GEAS-Beschluss: Ein schwarzer Tag für die Menschenrechte
Heute entscheidet der Bundesrat über das nationale Anpassungsgesetz zur Reform des „Gemeinsamen europäischen Asylsystems (GEAS)“. Trotz umfangreicher und ernstzunehmender Kritik hat sich die Bundesregierung und allen voran Friedrich Merz für die Rolle des Hardliners entschieden.
Für die Abschottung gegenüber Schutzsuchenden werden Chaos und Mehrkosten in der Verwaltung, bei den Gerichten und nicht zuletzt den Kommunen hingenommen. Darüber hinaus setzt sich die Reform über höchstrichterliche Rechtsprechung hinweg, wenn sie bei bestimmten Gruppen die Unterschreitung des verfassungsrechtlich garantierten Existenzminimums vorsieht. Außerdem missachtet sie menschenrechtliche Mindeststandards, etwa durch umfassende Einschränkungen der Bewegungsfreiheit. Die Leidtragenden sind diejenigen, die bei uns Zuflucht vor Hunger, Armut und den Kriegen suchen, bei denen Deutschland kräftig mitverdient.
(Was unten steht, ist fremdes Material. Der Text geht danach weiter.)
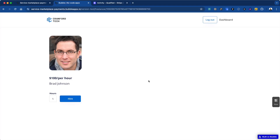Today we're going to go over how to make manual payouts with Stripe Connect in a Bubble app. This will allow you to make apps like Upwork or any other app where the payment happens first, and then there's a delay, and then the payout to the merchant happens manually.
Die Bundesregierung hat bei der Umsetzung der Reform auf deutscher Ebene sämtliche Ermessensspielräume skrupellos nach rechts ausgenutzt. Damit fährt sie den schärfsten Angriff auf das Asylrecht seit 1993. Schon damals war es mit Helmut Kohl ein CDU-Kanzler, der der Neonazipropaganda dieser Baseballschlägerjahre nachgab. Damals wie heute ist Kapitalismus untrennbar mit Arbeitslosigkeit und Zukunftsängsten verbunden. Damals wie heute werden Menschen mit Migrations- oder Fluchtgeschichte zu Sündenböcken gemacht. Damals wie heute lässt sich Migration durch kein Gesetz verhindern. Diese Reform entrechtet und isoliert Geflüchtete lediglich und macht es damit leichter, sie als billige Arbeitskräfte und Lohndrücker auszubeuten.
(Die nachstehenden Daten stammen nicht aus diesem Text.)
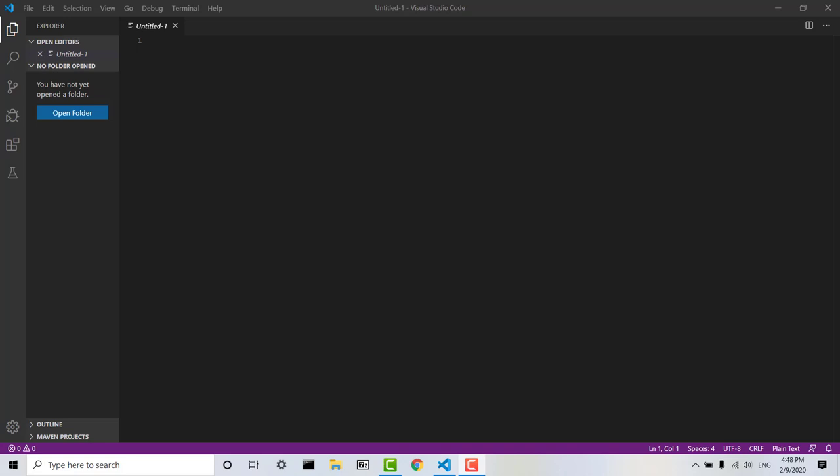Hi guys, so in this video we're going to be going over how to create a Java project from scratch within VS Code.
Ich erwarte von Friedrich Merz keinen Antifaschismus. Doch in welchem Ausmaß er AfD-Politik betreibt, schockiert. Die GEAS-Reform ist Wasser auf die Mühlen der extremen Rechten. Geflüchtete werden pauschal zur Bedrohung erklärt. Sogar Kinder können nun hinter Gitter kommen, ohne etwas verbrochen zu haben. Wir werden uns mit allem demokratischen Mitteln gegen die GEAS-Umsetzung in Sachsen wenden.
GEAS-Beschluss
Das Gesetz zum Asylsystem heißt GEAS.
Es ist jetzt im Bundesrat beschlossen.
Das Gesetz kann bald gelten.
Kritik am Gesetz
Viele Menschen kritisieren das Gesetz.
Die Regierung will trotzdem das Gesetz.
Friedrich Merz unterstützt das Gesetz stark.
Folgen für Schutzsuchende
Das Gesetz macht das Leben schwer für Schutzsuchende.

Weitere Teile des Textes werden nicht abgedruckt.